LSU opens against Florida State, who’s getting buzz as a potential ACC champion and even playoff team, in Orlando. LSU draws Ole Miss, Florida and Texas A&M at home while getting Ole Miss on the road. It faces Alabama on the road Nov. 4 in a contest that could determine the West’s winner. The trip to Tuscaloosa is its only road contest over the final seven weeks.
There isn’t any great mystery with this LSU team. Its championship potential is based upon two rather cliché storylines: A quarterback’s growth and getting past Alabama and Georgia. Daniels might be the single piece who can lift LSU into legitimate title contention.
“(Kelly) demands a lot out of me as far as the scheme,” Daniels said. “You just need to know the game within the game. That’s probably where it’s different from Arizona State to LSU. Just what he demands from the quarterback, and it’s obviously needed if I want to go out there to the next level (NFL).”

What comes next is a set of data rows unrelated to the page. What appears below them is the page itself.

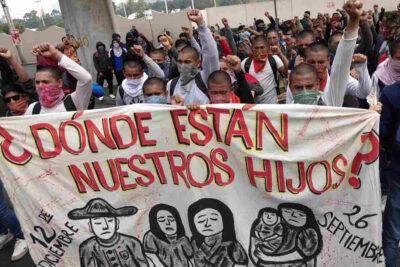 AMLO afirma que los 43 normalistas de Ayotzinapa fueron incinerados en funerarias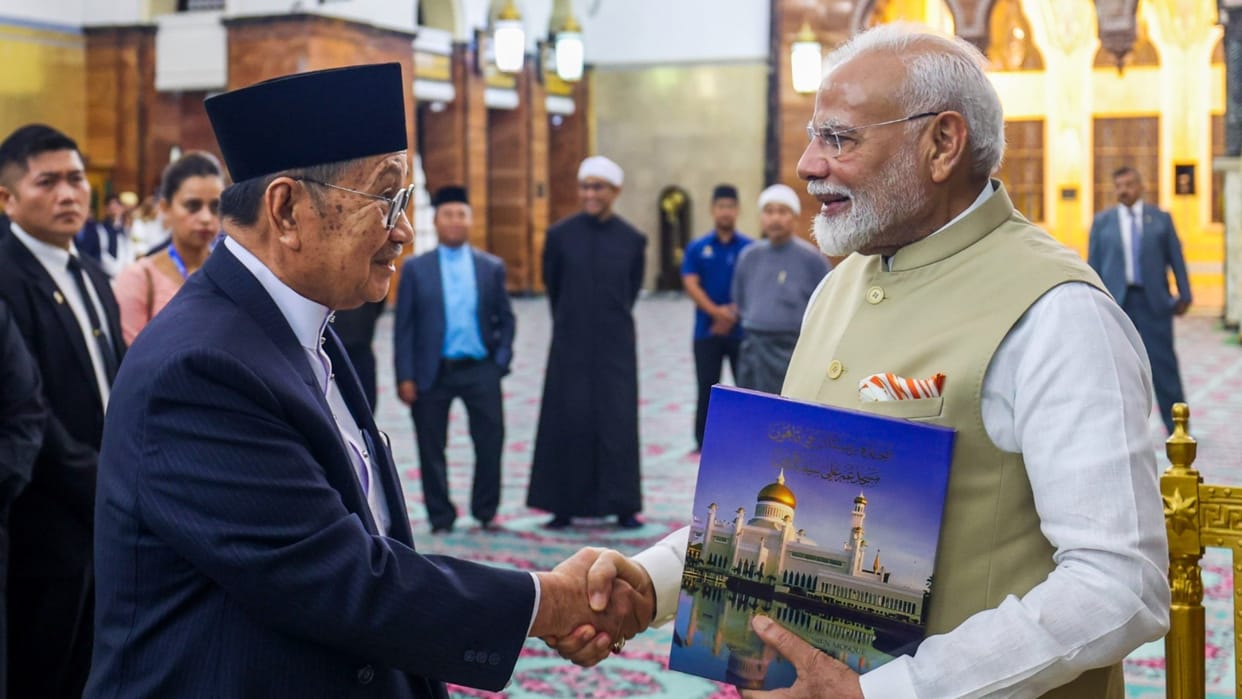 PM Modi visits iconic Omar Ali Saifuddien Mosque in Brunei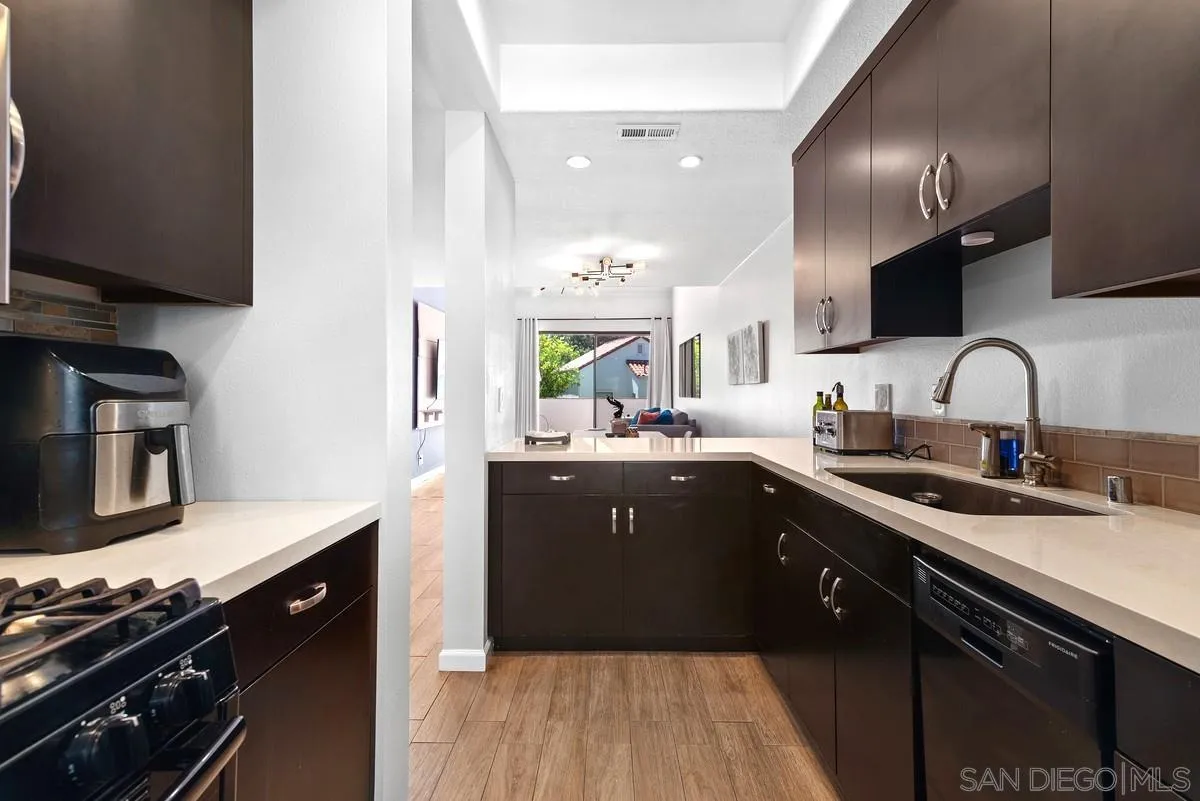 16120 Avenida Venusto Unit 17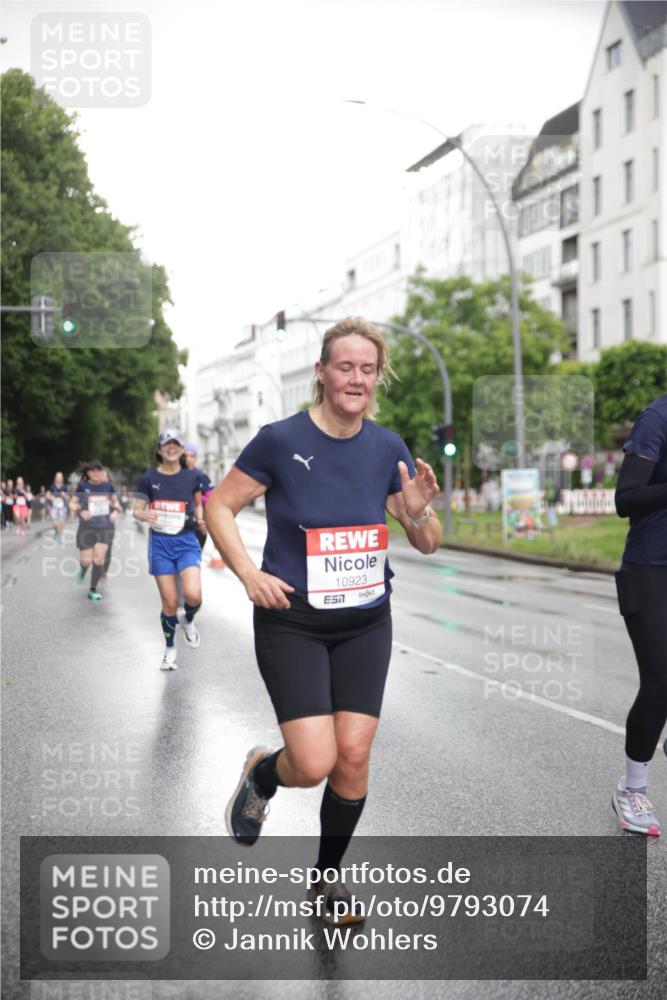 14.06.2026 - REWE Women's Run Jannik Wohlers http://msf.ph/oto/9793074 14.06.2026 09:52:14 Laufen 10923, 57 meine-sportfotos.de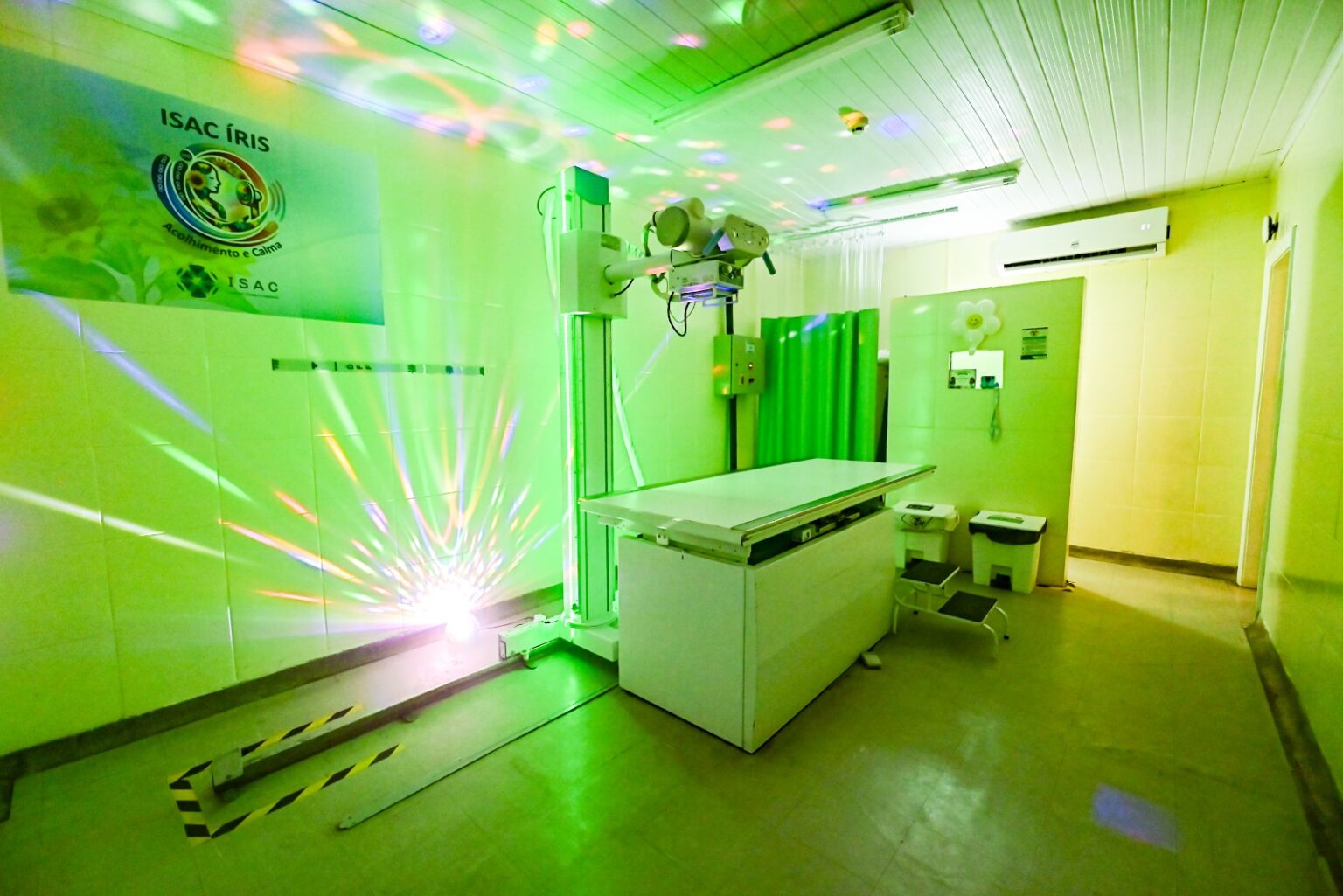 Salvador inaugura sala de raios X adaptada para pessoas autistas e neurodivergentes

LSU sits atop the athletics landscape. Its women’s basketball team won the NCAA tournament. The Tigers won the College World Series, then had pitcher Paul Skenes and outfielder Dylan Crews go 1-2 in the MLB draft. The gymnastics team finished fourth. And from Joe Burrow to Angel Reese to Olivia Dunne to Skenes, it feels everywhere one looks in sports, LSU is at the forefront.
“All we can think about is championships after what Jay Johnson did in baseball and Kim Mulkey in basketball, our success in gymnastics,” Kelly said.
The Tigers probably won’t enter the season favorites. Alabama will likely be the consensus SEC West preseason pick yet again, while Georgia is on top until it’s unseated. But just as Kelly surprised in his first season, he could do so again in 2023.
After all, it’s tough to bet against anything LSU these days.